States’ nondisclosure statutes, used to persecute marginalized populations, discourage testing and treatment.
By Chris Beyrer and
Dr. Beyrer is an infectious disease epidemiologist. Mr. Suttle was convicted under Louisiana’s H.I.V. criminalization statute.
Michael Johnson, a former college athlete convicted in 2015 of not disclosing his H.I.V.-positive status to sexual partners, was released on parole from a Missouri prison last month. Mr. Johnson, who is gay and black, had maintained his innocence, and there was no proof that he had transmitted the virus. And yet that didn’t seem to matter in the court of public opinion, or in the court of law.
On Dec. 20, 2016, a Missouri appeals court ruled that Mr. Johnson’s trial had been “fundamentally unfair.” H.I.V. nondisclosure is inherently difficult to prove yet seemingly easy to condemn, as shown time and again by judges and juries worldwide. Nowhere is this truer than in the United States, where people with H.I.V. are still being prosecuted under outdated or misapplied laws.
During the early years of the AIDS epidemic, an H.I.V. infection was tantamount to a death sentence. Through major advances in antiretroviral therapies, H.I.V. is now a manageable, chronic condition. A person whose infection is newly diagnosed can expect to live a near-normal life span, and most seropositive people will never progress to further AIDS-defining complications.
Today we also know much more about how difficult H.I.V. is to spread. When used correctly, condoms are highly effective means of prevention. Research has also shown that when people are treated with antiretroviral drugs so that their viral load cannot be detected by standard blood tests, the virus cannot be transmitted to sexual partners. This true of both heterosexual and male same-sex couples.

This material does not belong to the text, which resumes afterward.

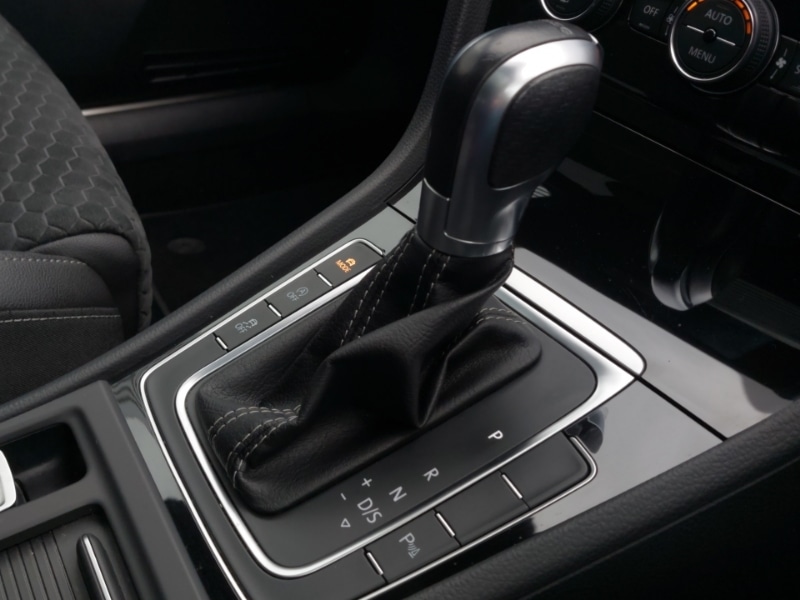 Used Volkswagen Golf 2018 for sale - 76543303: Photo 15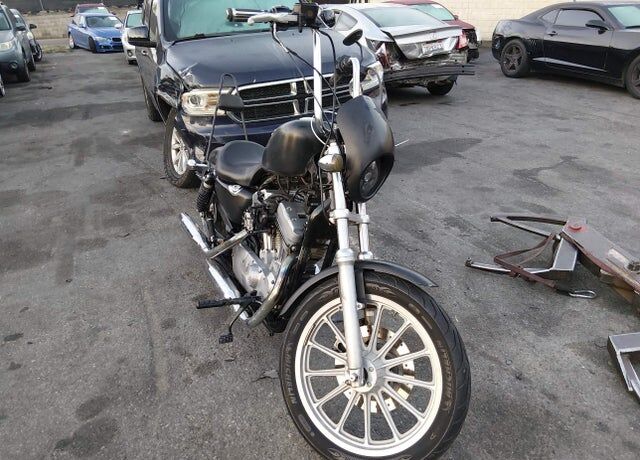 2006 HARLEY DAVIDSON Sportster XL883 Low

Simply put, scientific evidence on actual harm and transmission does not support the singling out of people living with H.I.V. through the heavy hand of criminal law.
Mr. Johnson’s trial was rightly deemed unjust due to prosecutorial misconduct. But injustice remains deeply entrenched within the society that created the laws that criminalized his actions in the first place. At least 29 states, mostly in the Midwest and Deep South, have laws that make H.I.V. nondisclosure, exposure or transmission a crime.

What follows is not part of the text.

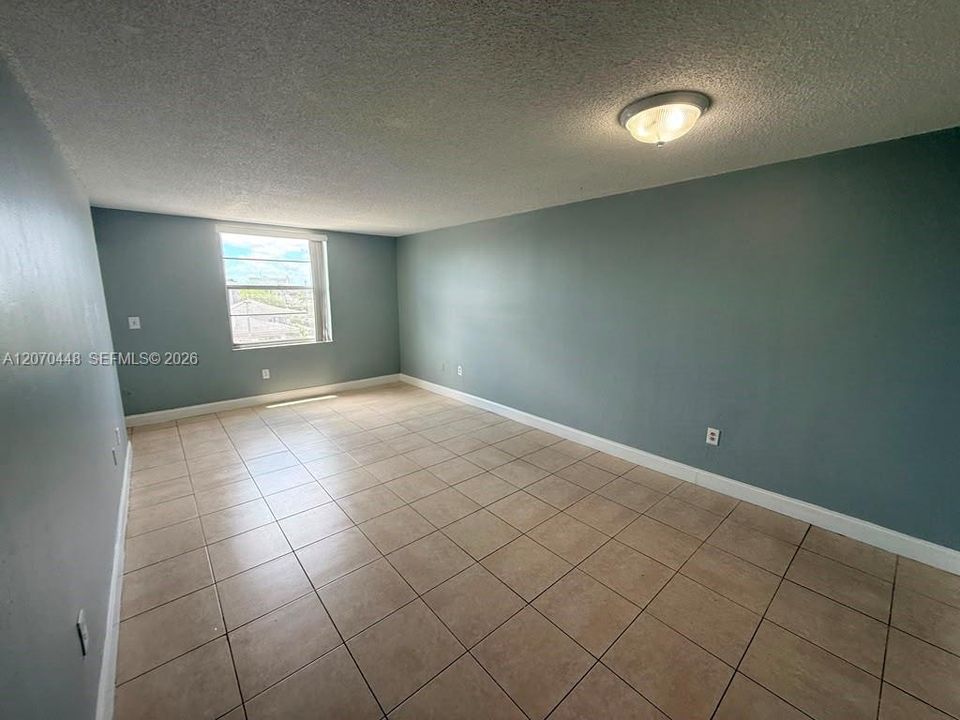 For Rent: $2,100 (2 beds, 2 baths, 996 Square Feet)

These laws constitute one more layer of marginalization for those whom the criminal justice system already disproportionately prosecutes, convicts and harshly sentences: black people, trans women, migrants, people who sell sex, people who inject drugs and L.G.B.T.Q. youths. Such laws have not been shown to reduce H.I.V. transmission, but they do discourage those at risk from getting tested, which undermines public health rather than protects it.
The United States has the unfortunate distinction of being among the countries most aggressively prosecuting people living with H.I.V., after Russia and Belarus, according to a recent report by H.I.V. Justice Worldwide. In these places, people living with the virus could be just one disgruntled partner away from finding themselves in a courtroom.

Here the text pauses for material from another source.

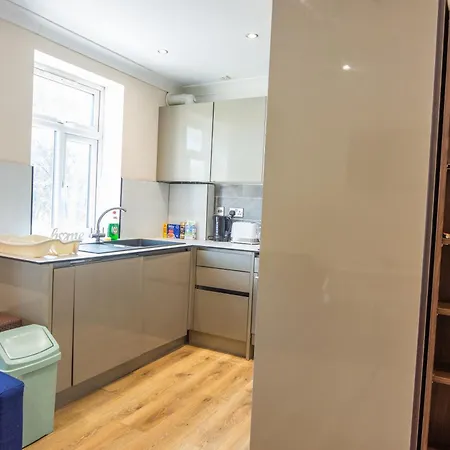 Evergreen Apartments, Flat 3, Apartment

In the United States there are thousands of cases where H.I.V.-specific charges were filed, or people faced heightened charges or punishments simply because they had the virus. We don’t know how many others have been threatened or blackmailed with criminal prosecution — the law becomes a weapon in abusive relationships — but those numbers are surely considerable. In almost all cases, this all-too-real risk is greater than any (highly unlikely) risk of actual H.I.V. transmission.
Prompted by concerns that the law was being applied contrary to scientific evidence, last summer a group of 20 H.I.V. scientists from around the world issued an expert consensus statement intended to assist experts involved in cases of alleged H.I.V. exposure, transmission or nondisclosure. They urged governments and people working in the justice system to ensure that the significant advances in H.I.V. science are taken into account in H.I.V.-related legal cases.
As the global scientific community continues to learn more about the disease and its transmission risks, lawmakers and criminal justice systems must similarly evolve their thinking to align with evidence, not fear. Scientists and clinical providers have obligations here, too. They should use their knowledge to support law reform efforts and provide expert testimony, using the consensus statement to educate and advocate change. No one should be forced to endure what Michael Johnson, and so many others living with H.I.V., have had to suffer.
Chris Beyrer is a professor in public health and human rights at the Johns Hopkins Bloomberg School of Public Health.
Robert Suttle is the assistant director of the Sero Project, which works to end unfair H.I.V.-related prosecutions.